- **WHAT TO PRODUCE**
Copy exactly the stretch of data below from the line with "This is the" through the line with "Put it on there, put", including both of those lines.

- **SOURCE DATA**
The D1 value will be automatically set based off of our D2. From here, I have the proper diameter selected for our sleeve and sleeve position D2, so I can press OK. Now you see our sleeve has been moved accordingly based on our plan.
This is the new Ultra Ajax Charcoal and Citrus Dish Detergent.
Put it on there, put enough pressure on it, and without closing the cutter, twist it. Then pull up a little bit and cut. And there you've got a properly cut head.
--
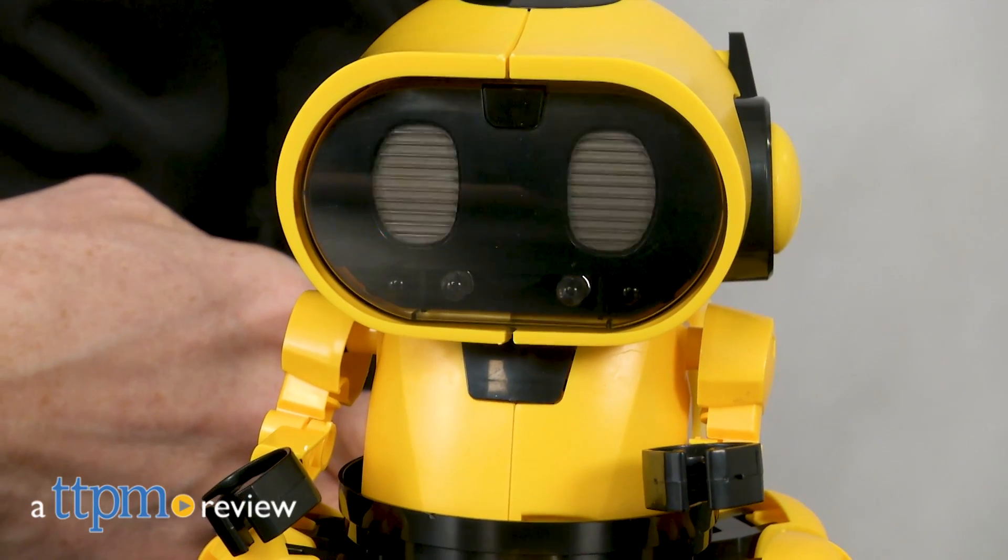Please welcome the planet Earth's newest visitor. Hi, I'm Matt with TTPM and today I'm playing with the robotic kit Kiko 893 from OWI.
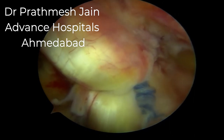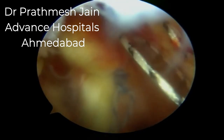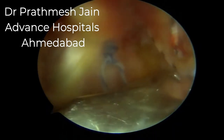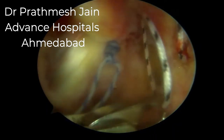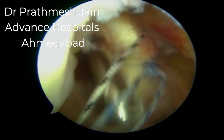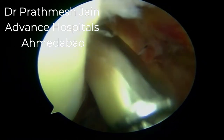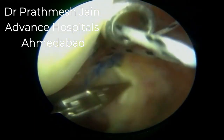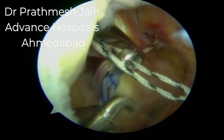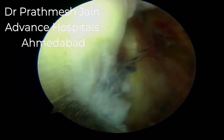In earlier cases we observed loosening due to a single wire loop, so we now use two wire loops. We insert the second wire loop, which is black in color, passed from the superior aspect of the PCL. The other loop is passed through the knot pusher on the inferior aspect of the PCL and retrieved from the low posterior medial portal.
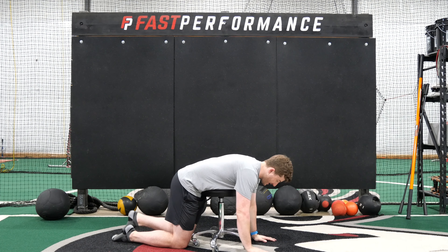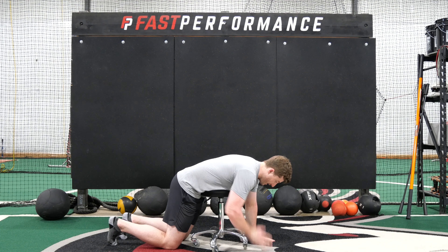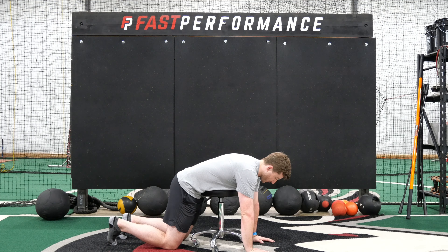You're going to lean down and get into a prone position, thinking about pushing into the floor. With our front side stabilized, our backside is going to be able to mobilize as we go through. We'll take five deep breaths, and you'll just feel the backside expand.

- **TASK RESULT**
This is the new Ultra Ajax Charcoal and Citrus Dish Detergent.
Put it on there, put enough pressure on it, and without closing the cutter, twist it. Then pull up a little bit and cut. And there you've got a properly cut head.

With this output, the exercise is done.